About this exercise ▸ When the word "Type" shows up in a line of the records below, copy that line.
··········
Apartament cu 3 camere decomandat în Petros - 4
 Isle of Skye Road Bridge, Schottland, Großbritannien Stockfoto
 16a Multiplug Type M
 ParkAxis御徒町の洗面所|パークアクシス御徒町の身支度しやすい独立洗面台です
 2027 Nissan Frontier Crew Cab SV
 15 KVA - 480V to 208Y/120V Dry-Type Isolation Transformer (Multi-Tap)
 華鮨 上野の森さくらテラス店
··········
Solution to this exercise ▸
 16a Multiplug Type M
 15 KVA - 480V to 208Y/120V Dry-Type Isolation Transformer (Multi-Tap)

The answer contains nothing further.